If you look at the print at a more oblique angle, you will see, depending on the blacks in the print, a substantial amount of "bronzing." You will see the exact same effect in any high-quality duotone art book done on a similar paper.
Now -- Paul Roark -- who is the guy behind the MIS inks says:
Among these papers, the Premium Semigloss, in my opinion, gives the best image.

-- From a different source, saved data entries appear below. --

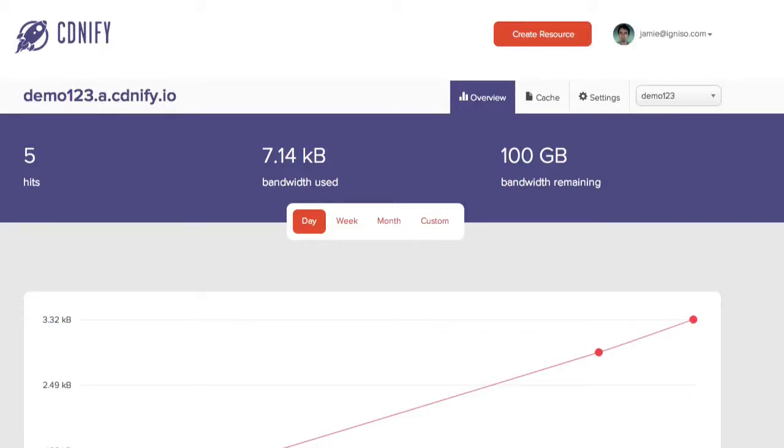Hi, I'm Jamie and welcome to this tutorial on how to integrate WordPress with the W3 Total Cache plugin and CNFI. Before we start, you should already have a resource set up.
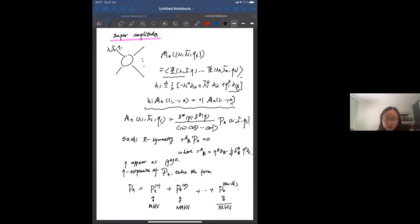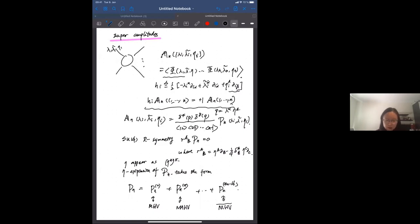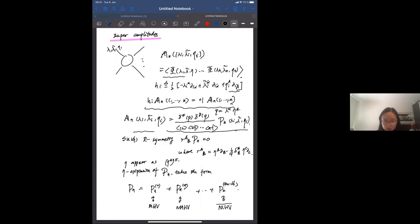In N equals 4 super Yang-Mills theory, we compute the scattering amplitude as a transition probability between on-shell superfields. We define helicity operators h_i, assigning η variables positive one-half helicity, so the supermultiplet φ has uniform helicity plus one. The scattering amplitude must be an eigenstate of the helicity operators. Due to SUSY translation invariance, the amplitude is proportional to a momentum conservation delta function and a super momentum conservation delta function, where Q equals λ^α η.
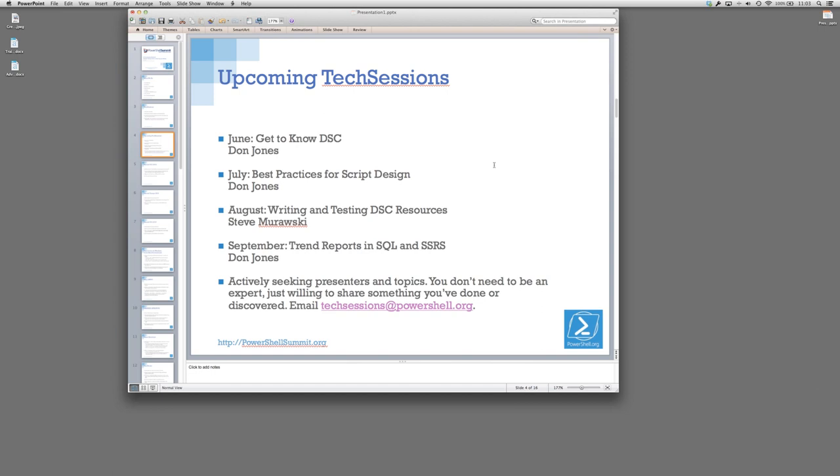We're actively seeking presenters and topics. You don't need to be an MVP. You don't need to be an expert. You don't need to go for a full hour. You just need to be willing to share something that you've done or discovered. Don't be a leech. Don't let just a few people do all this. We want to give people an opportunity to share. If you've got an idea, email tech sessions at PowerShell.org. Nicholas Gatchel is going to be coming online as our coordinator for these. In a perfect world, we do two of these a month. This is the community thing, guys. Everybody's got to pitch in and do something.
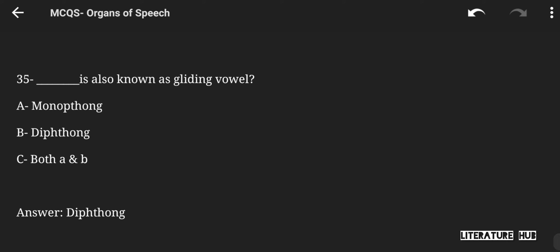What is also known as a gliding vowel — monophthongs, diphthongs, or both A and B? The right answer is diphthongs, which are also known as gliding vowels.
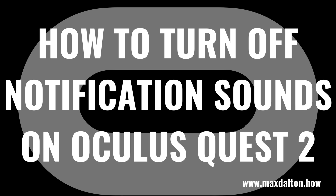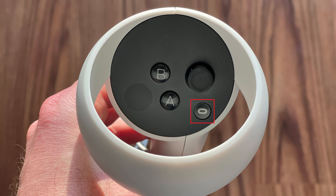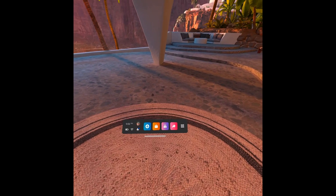Now let's walk through the steps to disable notification sounds on your Oculus Quest 2 headset. Step 1: Navigate to your Oculus Quest 2 home screen, and then press the Oculus button on your right-hand controller to bring up the menu bar.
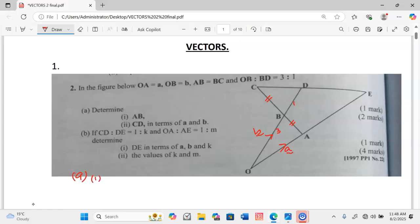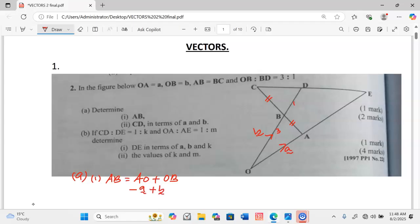Part A, Roman 1: to get vector AB, we are supposed to move from A to B. For us to move from A to B, we use the route AO, then from O we go to B. OA is positive vector a, meaning coming back from A to O will be negative a vector, then plus OB which is vector b. This can also be expressed as b minus a.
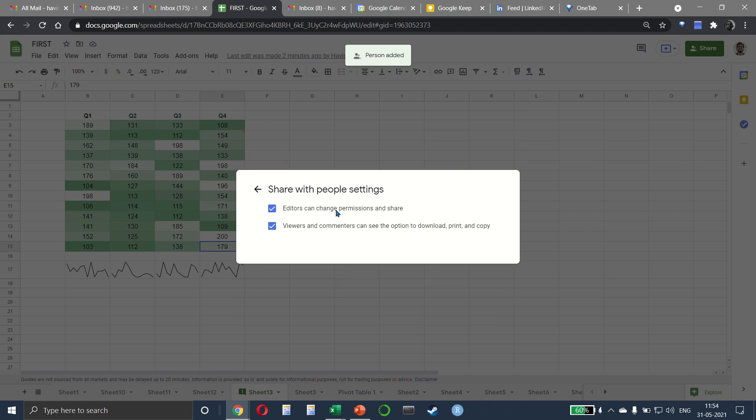To be able to change permissions and share. Because keep in mind that if you do this then you can share a sheet with somebody and they can in turn add other people as well.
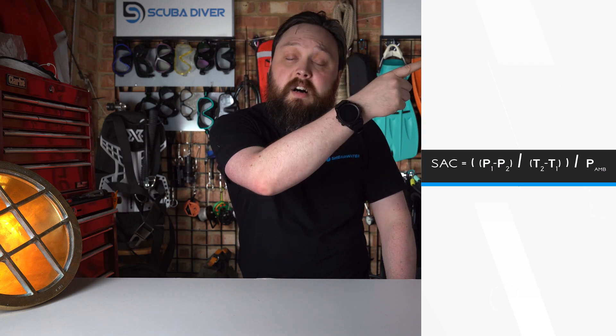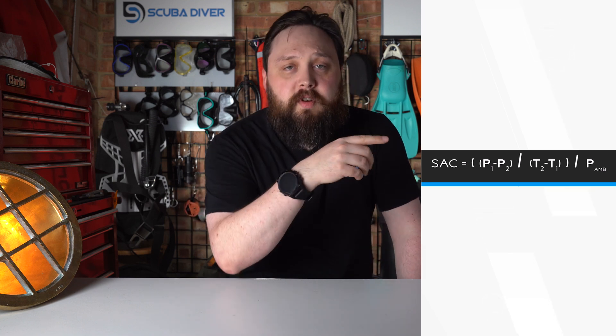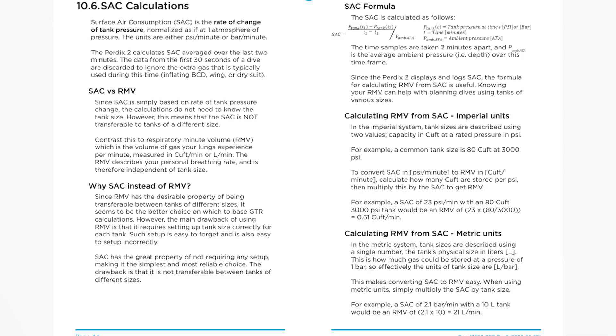Shearwater's SAC formula has the pressure at the start minus the pressure at the end on the top row — that's how many bar or PSI you've breathed over that time. Underneath, you've got the end time minus the start time, so the amount of time elapsed. You divide those by one another, then divide the result by the average ambient pressure around you — your depth in atmospheres. Your computer can do this throughout the dive and average it. Shearwater has an entire page in their user manual explaining why they choose SAC instead of RMV and how they do the formula.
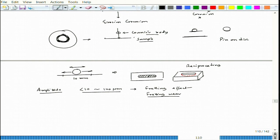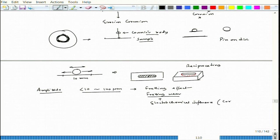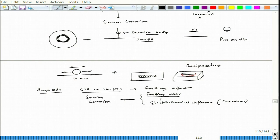When fretting wear happens under electrochemical influence, the combination develops a particular erosion damage — wear plus corrosion. This leads again to erosion-corrosion, and this specific case is called fretting corrosion, which is also an example of erosion-corrosion.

"I am especially enthused about the potential of 'barrier' type papers when they are sprayed with a protective coating like PremierArt or Lyson print guard/shield. This spray largely eliminates the differential reflections (including what some call 'bronzing') and makes the print surface so tough it can be cleaned with a damp cloth. Encapsulating carbon pigments may be an excellent way to make a more durable print that has been easily possible in the past. Air pollution, humidity, and oxidation are primary factors in fading and damaging photos. These air-borne problems can enter the paper through either the front or back."
So tomorrow - downtown I go to get some of these protective sprays. If they do the trick in terms of significantly reducing "bronzing" then I'm really close and will only need to do a bit of curve tweaking.